▸ **Collected material**:
%%
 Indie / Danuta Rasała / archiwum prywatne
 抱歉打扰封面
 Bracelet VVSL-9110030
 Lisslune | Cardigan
%%
▸ **Problem statement**: Each line of the material should be returned exactly as it stands.

▸ **Written solution**:
 Indie / Danuta Rasała / archiwum prywatne
 抱歉打扰封面
 Bracelet VVSL-9110030
 Lisslune | Cardigan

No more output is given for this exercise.